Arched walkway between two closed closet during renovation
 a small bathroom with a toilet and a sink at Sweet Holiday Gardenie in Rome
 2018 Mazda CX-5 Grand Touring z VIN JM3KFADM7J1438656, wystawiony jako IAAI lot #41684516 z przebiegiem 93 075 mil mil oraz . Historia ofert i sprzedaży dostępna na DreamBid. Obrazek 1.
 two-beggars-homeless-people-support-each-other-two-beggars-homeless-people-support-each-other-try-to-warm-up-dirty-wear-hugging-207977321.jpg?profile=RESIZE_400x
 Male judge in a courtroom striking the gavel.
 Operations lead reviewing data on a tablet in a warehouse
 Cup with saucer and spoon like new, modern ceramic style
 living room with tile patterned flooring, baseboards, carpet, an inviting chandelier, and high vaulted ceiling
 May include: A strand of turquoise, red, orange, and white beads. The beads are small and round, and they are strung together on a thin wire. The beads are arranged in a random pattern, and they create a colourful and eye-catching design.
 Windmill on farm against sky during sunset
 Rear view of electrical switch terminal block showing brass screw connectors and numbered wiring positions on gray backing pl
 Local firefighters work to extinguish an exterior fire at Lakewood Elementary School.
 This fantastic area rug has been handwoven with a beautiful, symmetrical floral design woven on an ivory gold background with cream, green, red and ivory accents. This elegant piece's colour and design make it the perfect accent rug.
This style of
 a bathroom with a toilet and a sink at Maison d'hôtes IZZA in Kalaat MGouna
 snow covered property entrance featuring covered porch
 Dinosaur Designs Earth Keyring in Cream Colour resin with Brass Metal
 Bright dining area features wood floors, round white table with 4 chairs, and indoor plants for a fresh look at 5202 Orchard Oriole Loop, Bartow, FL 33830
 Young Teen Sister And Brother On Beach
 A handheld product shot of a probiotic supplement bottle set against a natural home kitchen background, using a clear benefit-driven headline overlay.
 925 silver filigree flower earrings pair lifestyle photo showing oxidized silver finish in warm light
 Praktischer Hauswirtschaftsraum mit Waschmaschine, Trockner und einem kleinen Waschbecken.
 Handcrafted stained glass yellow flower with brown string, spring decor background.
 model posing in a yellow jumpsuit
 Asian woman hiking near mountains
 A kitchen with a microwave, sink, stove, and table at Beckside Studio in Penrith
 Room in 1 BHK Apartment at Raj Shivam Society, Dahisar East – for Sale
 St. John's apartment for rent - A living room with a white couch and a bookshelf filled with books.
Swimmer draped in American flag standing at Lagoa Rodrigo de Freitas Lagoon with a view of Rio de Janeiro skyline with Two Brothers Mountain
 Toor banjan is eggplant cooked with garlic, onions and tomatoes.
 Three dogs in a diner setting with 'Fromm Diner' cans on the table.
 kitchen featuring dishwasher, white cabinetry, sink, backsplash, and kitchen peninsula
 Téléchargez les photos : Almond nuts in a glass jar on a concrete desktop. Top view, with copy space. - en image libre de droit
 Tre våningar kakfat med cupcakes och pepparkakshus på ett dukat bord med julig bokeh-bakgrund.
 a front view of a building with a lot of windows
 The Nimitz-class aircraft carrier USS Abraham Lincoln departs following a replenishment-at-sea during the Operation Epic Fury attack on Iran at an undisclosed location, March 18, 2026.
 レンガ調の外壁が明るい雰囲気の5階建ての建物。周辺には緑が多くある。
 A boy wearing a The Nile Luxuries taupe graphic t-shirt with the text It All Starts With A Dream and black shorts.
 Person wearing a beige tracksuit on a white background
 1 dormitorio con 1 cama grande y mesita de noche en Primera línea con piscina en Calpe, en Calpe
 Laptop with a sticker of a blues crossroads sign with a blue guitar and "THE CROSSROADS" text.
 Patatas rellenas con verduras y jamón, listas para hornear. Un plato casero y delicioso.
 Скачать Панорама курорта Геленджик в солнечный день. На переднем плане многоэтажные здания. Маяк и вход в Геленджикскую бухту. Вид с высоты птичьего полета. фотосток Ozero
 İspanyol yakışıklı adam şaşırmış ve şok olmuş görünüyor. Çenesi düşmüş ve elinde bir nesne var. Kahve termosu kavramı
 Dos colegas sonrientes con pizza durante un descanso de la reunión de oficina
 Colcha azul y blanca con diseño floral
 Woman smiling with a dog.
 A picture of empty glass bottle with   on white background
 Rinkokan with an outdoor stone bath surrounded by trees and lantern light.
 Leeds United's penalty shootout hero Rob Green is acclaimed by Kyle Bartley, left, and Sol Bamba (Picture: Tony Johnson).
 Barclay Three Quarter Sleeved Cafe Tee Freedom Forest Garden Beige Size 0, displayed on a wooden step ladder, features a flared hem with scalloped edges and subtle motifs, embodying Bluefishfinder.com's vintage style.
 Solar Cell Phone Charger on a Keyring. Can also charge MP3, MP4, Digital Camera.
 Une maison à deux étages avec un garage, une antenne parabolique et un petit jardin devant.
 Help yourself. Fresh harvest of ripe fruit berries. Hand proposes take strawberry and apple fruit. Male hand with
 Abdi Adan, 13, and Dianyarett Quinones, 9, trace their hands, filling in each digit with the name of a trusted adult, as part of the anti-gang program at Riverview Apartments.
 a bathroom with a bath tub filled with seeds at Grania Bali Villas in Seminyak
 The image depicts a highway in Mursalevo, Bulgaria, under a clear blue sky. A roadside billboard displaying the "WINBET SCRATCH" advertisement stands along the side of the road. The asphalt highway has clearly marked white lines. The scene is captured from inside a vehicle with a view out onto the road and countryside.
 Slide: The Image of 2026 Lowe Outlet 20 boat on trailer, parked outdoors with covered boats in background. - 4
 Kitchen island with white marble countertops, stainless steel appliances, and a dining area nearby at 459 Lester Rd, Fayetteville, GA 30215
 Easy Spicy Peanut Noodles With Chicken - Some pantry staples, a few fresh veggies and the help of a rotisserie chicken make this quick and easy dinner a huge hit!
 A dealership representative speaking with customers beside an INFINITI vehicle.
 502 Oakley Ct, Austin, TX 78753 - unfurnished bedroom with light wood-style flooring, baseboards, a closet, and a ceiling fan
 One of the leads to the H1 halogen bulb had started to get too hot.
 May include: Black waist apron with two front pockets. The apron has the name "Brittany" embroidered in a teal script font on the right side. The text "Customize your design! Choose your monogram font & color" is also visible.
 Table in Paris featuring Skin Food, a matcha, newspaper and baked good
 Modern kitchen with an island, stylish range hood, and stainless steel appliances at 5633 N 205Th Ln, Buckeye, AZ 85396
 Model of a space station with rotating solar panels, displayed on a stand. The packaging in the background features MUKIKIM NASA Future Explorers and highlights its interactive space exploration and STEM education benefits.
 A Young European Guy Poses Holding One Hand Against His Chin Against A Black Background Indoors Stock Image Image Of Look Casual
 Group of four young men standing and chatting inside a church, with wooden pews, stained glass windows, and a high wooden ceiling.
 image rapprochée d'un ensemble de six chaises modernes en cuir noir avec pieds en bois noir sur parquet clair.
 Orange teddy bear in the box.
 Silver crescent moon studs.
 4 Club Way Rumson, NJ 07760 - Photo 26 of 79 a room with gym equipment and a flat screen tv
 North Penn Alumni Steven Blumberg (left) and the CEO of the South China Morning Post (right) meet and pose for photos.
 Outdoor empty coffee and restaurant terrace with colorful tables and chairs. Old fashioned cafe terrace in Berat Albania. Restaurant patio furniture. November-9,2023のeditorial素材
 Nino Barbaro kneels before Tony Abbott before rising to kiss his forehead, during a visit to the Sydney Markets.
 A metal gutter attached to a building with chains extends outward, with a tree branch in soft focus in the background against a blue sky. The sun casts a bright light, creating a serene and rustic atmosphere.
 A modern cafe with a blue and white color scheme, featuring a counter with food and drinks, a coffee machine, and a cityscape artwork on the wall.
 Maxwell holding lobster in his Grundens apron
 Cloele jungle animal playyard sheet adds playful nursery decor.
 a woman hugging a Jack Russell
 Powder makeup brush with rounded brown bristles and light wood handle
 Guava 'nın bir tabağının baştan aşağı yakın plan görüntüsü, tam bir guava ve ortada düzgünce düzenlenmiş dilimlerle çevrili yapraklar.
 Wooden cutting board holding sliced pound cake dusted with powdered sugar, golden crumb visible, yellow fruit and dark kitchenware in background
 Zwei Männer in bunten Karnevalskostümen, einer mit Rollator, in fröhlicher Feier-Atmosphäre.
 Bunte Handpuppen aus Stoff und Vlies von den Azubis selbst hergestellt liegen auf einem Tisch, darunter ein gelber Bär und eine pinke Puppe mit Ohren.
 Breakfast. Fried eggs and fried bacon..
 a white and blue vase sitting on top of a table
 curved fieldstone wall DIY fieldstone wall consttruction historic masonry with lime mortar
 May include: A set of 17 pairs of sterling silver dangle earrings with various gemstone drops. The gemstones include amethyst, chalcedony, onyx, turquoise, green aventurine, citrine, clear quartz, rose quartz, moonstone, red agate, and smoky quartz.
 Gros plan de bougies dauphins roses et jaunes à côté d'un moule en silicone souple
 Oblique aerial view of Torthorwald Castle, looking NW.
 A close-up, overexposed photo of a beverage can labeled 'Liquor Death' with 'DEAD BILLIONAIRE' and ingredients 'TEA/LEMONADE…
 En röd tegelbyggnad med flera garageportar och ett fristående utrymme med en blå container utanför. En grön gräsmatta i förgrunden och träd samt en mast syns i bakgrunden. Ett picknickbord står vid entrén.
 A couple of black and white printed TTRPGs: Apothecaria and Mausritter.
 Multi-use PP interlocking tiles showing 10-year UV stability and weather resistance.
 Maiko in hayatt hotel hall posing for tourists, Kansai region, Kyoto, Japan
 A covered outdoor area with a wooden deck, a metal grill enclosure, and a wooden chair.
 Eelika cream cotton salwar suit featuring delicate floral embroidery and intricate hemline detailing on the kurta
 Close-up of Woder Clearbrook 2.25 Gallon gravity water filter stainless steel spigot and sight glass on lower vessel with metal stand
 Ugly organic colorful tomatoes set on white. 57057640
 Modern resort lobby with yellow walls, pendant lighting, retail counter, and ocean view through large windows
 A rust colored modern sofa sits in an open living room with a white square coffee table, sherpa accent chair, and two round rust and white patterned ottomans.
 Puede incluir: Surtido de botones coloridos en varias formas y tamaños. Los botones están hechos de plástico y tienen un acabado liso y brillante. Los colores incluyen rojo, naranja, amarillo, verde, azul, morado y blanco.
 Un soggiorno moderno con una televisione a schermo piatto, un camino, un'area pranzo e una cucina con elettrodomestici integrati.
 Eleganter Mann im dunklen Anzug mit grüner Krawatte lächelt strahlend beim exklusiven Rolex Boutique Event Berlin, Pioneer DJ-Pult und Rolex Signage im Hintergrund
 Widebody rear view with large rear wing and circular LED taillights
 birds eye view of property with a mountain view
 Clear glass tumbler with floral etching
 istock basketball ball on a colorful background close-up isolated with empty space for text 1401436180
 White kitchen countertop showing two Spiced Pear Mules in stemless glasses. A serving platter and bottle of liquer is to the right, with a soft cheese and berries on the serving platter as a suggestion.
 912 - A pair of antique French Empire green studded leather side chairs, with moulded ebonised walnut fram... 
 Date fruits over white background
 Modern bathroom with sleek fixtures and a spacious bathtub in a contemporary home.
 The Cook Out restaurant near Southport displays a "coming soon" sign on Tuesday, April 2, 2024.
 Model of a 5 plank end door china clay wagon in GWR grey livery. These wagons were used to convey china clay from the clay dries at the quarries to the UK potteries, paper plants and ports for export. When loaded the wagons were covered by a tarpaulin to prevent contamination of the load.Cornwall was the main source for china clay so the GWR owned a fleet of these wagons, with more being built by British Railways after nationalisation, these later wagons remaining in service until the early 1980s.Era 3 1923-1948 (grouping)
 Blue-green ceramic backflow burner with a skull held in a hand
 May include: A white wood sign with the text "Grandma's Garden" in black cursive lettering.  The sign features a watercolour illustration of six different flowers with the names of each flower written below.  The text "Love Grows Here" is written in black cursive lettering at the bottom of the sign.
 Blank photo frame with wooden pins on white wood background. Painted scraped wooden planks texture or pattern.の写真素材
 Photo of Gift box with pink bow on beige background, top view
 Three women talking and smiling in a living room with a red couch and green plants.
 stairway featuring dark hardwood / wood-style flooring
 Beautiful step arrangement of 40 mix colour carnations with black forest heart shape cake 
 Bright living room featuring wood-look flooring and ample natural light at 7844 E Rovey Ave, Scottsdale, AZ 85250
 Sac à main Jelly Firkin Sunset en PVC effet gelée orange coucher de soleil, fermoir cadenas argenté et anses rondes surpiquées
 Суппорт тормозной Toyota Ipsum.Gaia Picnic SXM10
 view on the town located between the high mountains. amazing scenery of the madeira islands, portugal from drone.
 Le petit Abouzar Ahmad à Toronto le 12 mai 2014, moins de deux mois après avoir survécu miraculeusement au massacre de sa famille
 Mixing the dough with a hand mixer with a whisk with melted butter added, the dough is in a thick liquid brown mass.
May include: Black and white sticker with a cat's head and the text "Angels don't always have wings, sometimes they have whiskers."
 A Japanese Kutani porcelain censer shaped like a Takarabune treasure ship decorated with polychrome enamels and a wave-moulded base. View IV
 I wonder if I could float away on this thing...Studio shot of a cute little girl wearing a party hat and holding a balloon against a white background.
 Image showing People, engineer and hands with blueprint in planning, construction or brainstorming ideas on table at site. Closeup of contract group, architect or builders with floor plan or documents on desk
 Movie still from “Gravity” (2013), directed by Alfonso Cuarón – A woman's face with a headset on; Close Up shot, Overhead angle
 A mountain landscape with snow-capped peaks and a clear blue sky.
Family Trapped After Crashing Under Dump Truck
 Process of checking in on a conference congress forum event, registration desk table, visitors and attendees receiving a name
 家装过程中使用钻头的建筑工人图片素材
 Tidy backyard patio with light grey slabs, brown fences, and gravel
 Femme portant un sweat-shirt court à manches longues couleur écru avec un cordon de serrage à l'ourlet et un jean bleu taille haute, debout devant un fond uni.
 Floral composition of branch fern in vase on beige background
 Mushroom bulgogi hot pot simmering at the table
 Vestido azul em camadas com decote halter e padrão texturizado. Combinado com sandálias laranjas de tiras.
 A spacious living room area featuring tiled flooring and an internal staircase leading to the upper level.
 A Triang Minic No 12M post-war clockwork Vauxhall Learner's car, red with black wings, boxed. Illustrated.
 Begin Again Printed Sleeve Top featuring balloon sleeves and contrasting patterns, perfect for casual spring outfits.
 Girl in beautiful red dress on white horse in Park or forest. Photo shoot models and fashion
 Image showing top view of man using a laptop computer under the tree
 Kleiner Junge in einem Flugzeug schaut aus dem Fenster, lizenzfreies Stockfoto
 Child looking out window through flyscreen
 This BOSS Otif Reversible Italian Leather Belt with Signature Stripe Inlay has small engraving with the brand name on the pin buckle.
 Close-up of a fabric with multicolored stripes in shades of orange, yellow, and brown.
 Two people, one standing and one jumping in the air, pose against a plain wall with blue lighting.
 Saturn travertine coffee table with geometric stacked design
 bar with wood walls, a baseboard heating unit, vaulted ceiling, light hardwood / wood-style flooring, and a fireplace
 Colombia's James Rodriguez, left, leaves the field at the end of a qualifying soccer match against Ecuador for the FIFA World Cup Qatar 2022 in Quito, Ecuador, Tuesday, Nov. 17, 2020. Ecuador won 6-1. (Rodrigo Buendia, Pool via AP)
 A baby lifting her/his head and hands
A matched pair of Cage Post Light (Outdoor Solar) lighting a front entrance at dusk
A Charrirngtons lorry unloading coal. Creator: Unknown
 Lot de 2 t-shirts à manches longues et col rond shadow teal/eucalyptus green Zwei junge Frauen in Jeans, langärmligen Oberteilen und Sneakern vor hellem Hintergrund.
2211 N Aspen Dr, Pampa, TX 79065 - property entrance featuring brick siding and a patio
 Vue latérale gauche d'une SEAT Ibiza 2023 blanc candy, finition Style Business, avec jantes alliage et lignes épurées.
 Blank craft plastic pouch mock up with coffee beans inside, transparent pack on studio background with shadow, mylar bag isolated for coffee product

━━━━━━━━━━

The string to find is "large"; copy every line of the listing that has it.

- [Result of this task]:
 Modern resort lobby with yellow walls, pendant lighting, retail counter, and ocean view through large windows
 Widebody rear view with large rear wing and circular LED taillights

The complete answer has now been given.